Does this mean Palantir's stock is headed for a crash, or at least a pause? Not necessarily, as it is always possible that it will beat expectations or find some other factor that will propel the stock higher. The problem with these valuations is that they price Palantir stock for perfection. That means any hint of negative news could trigger a massive sell-off, making it extremely risky to buy the stock at current prices.
Amid that possibility, investors should probably refrain from putting new money to work in Palantir.

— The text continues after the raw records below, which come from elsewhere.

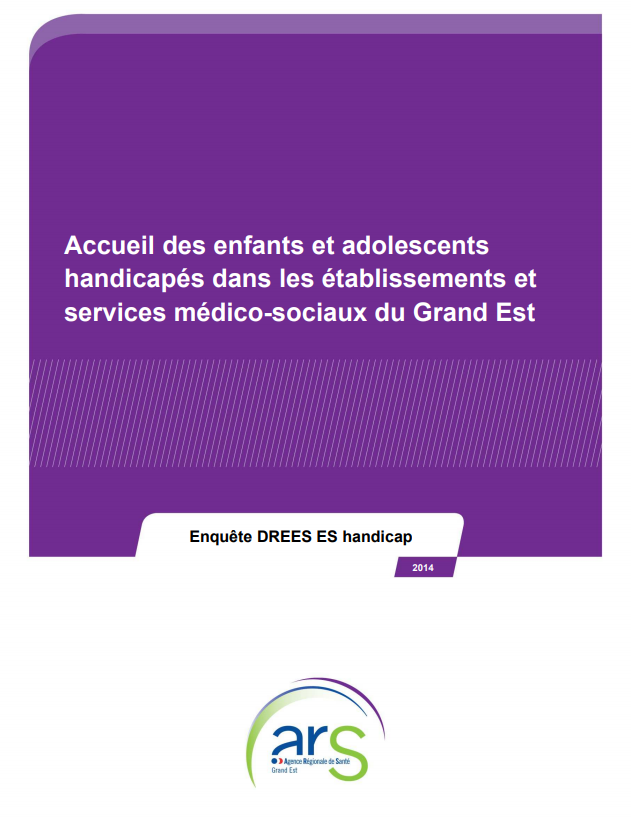 VISUEL Enquête 2014 HANFICAP ENTS ADOS DREES/ARS GE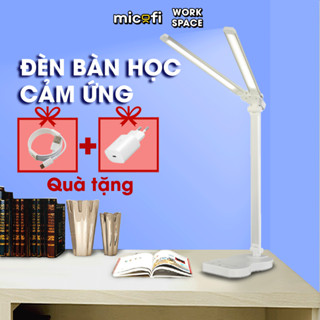 Đèn Học Để Bàn Micofi Cảm Ứng Thông Minh, Đèn Bàn Học Chống Cận Gấp Gọn, Đèn Bàn Làm Việc Học Sinh Mini Decor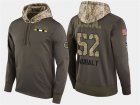 Nike Bruins 52 Sean Kuraly Olive Salute To Service Pullover Hoodie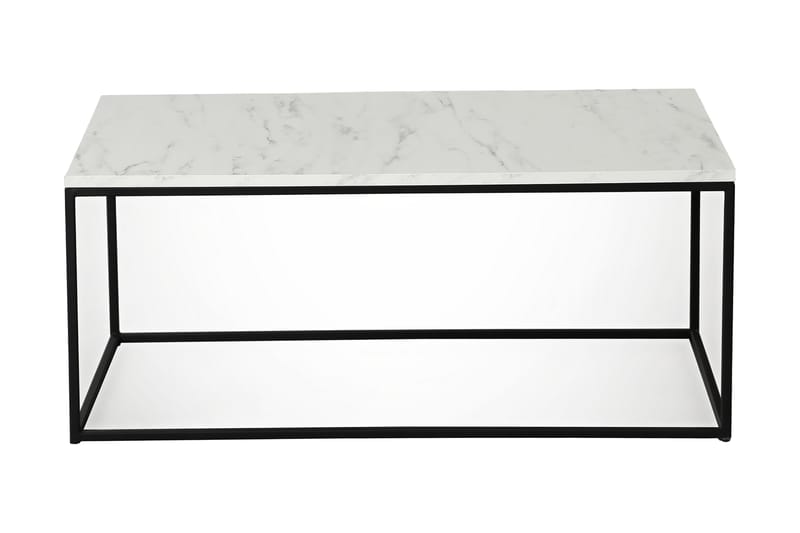 ALSBO Soffbord 95 cm Marmormönster Vit/Svart - Vit/Svart/Grå - Möbler - Vardagsrum - Soffbord & vardagsrumsbord - Marmorbord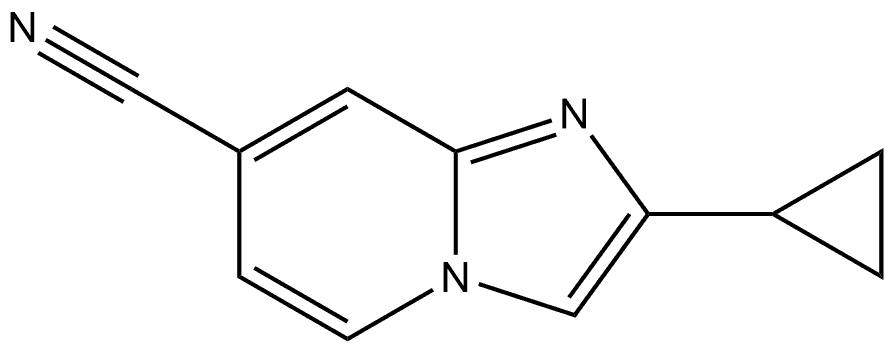 2-cyclopropylimidazo[1,2-a]pyridine-7-carbonitrile Struktur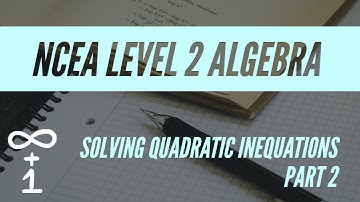 Solving Quadratic Inequations | Part 2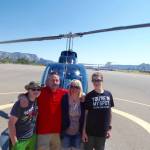 The Streett Family of Sequim, from left, Sawyer, Robert, Josslyn, and Robby, pose for a photo before their first flight over Sedona, Ariz. in July. The family was involved in a car wreck on July 20 that took the lives of Robert and Robby. Josslyn said this was going to be the family&rsquo;s Christmas card. Photo courtesy of Josslyn Streett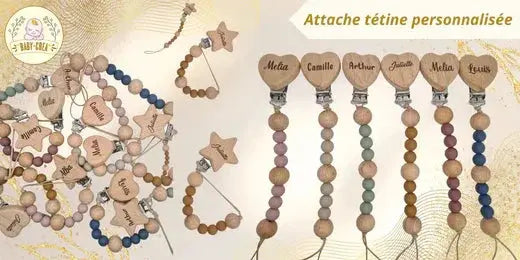 attache tétine personnalisé 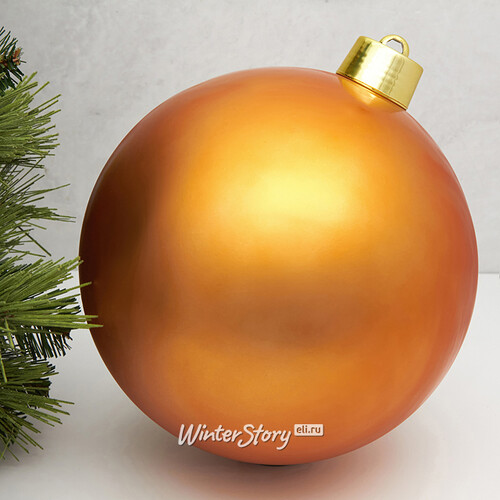 Пластиковый шар Sonder 25 см оранжевый матовый Winter Deco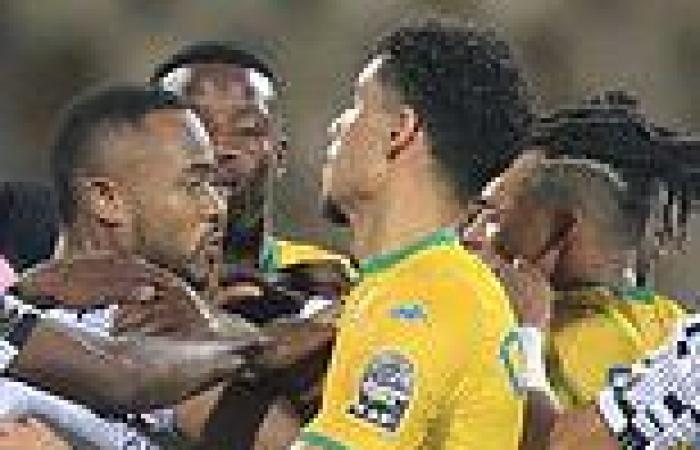 sport news Gabon and Ghana players SCRAP after AFCON draw with Black Stars striker ...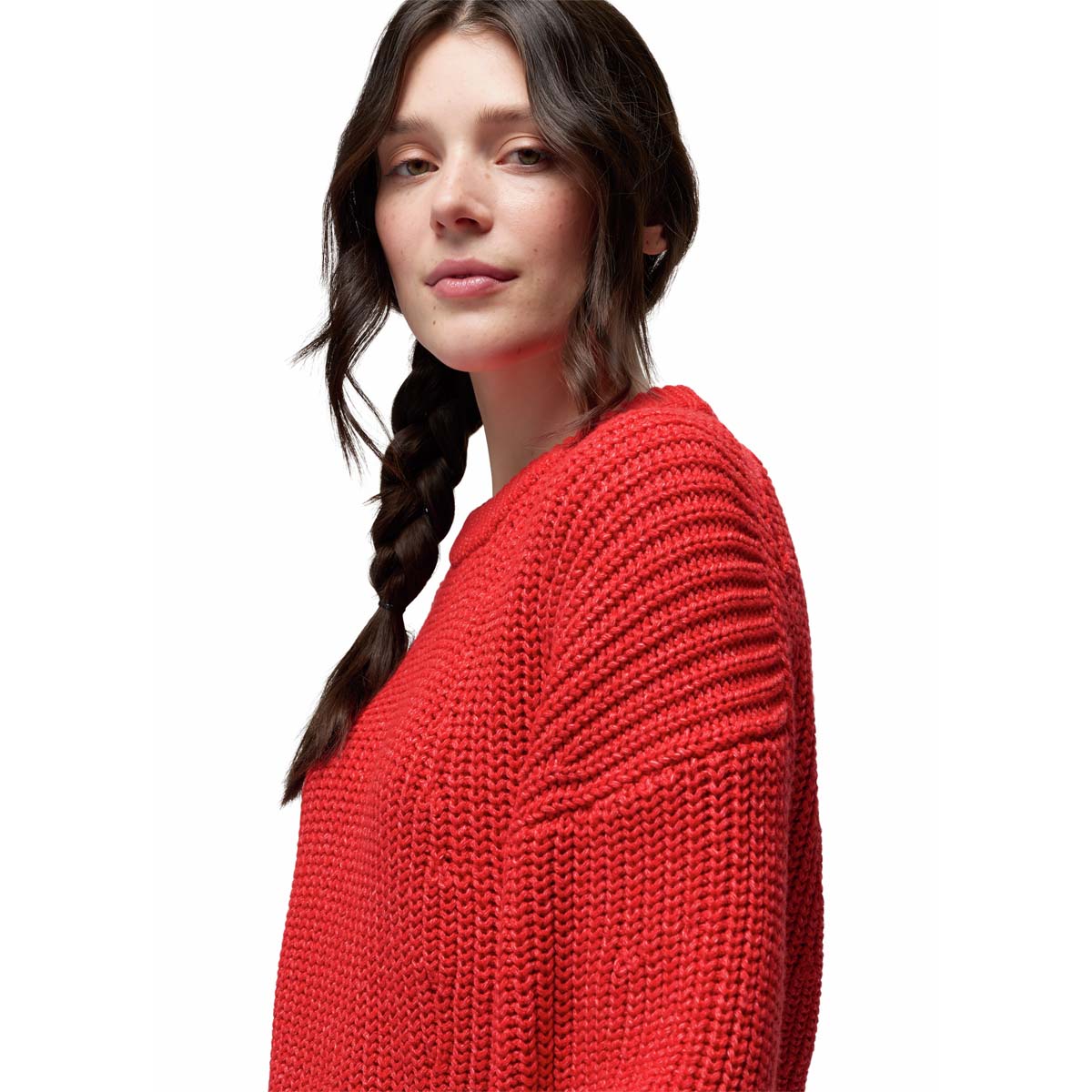 Prana - Sunday River Crewneck Sweater - Pikes Red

Additionally, if one's risk tolerance does not lend itself to owning such an expensive stock, they should consider selling.
3. Apple: A Late but Promising Entry
Iconic electronics titan Apple has faced considerable criticism for its lackluster rollout of AI iOS features it had dubbed Apple Intelligence. It was supposed to be an easy layup — there are over 2.35 billion active iOS devices worldwide. Successfully bringing AI to Apple users would have almost assured the company's place as a top AI company, where next-generation technology would further enhance its already sticky ecosystem.
Unfortunately, Apple dropped the ball. The company has struggled to ship first-party AI features and has since delayed its launch of an upgraded Siri, Apple's virtual personal assistant, to a 2026 release date. But don't write Apple off just yet. The company continues to specialize in bringing refined, quality hardware products to market, allowing its iOS ecosystem to shine.
Apple just launched its latest iPhone models: the 17, 17 Pro, and Pro Max, as well as a new, slim-design model, the iPhone Air. According to early indications, Apple may be in for a strong hardware cycle. The CEO of T-Mobile recently noted that iPhone sales are at an all-time high. Industry experts also pointed out strong demand for the new iPhone lineup.
While Apple must ultimately deliver a working and compelling slate of AI features for its devices, it's clear that Apple's core hardware products haven't lost their fastball. That should give the company time to figure out AI and keep the stock on the radar of any investor looking for some AI upside, but would rather stick with a blue-chip winner versus rolling the dice on unproven or speculative AI stocks.
Q: What is the expected revenue for Nvidia in the next fiscal year?
A: Nvidia is expected to generate $206 billion in revenue for the fiscal year ending January 27, 2026, and nearly $275 billion in the following 12 months.
Q: Why is Palantir stock considered risky?
A: Palantir stock is considered risky due to its high valuations, including a P/E ratio of 592 and a P/S ratio of 131, which are far above the S&P 500's average. Any negative news could trigger a massive sell-off.
Q: What is Apple's current strategy in the AI market?
A: Apple has delayed its AI features, including an upgraded Siri, to 2026. However, the company continues to focus on delivering high-quality hardware and maintaining a strong ecosystem, which could give it time to develop compelling AI solutions.
Q: What is the forecasted growth rate for the AI sector?
A: Grand View Research forecasts a 32% compound annual growth rate (CAGR) in the AI sector through 2033.
Q: How are major tech companies investing in AI infrastructure?
A: Major tech companies like Meta Platforms, Tesla, Microsoft, Amazon, Alphabet, and others are investing billions in AI infrastructure, primarily in the form of advanced GPUs from Nvidia, to enhance their AI capabilities and achieve better ROI.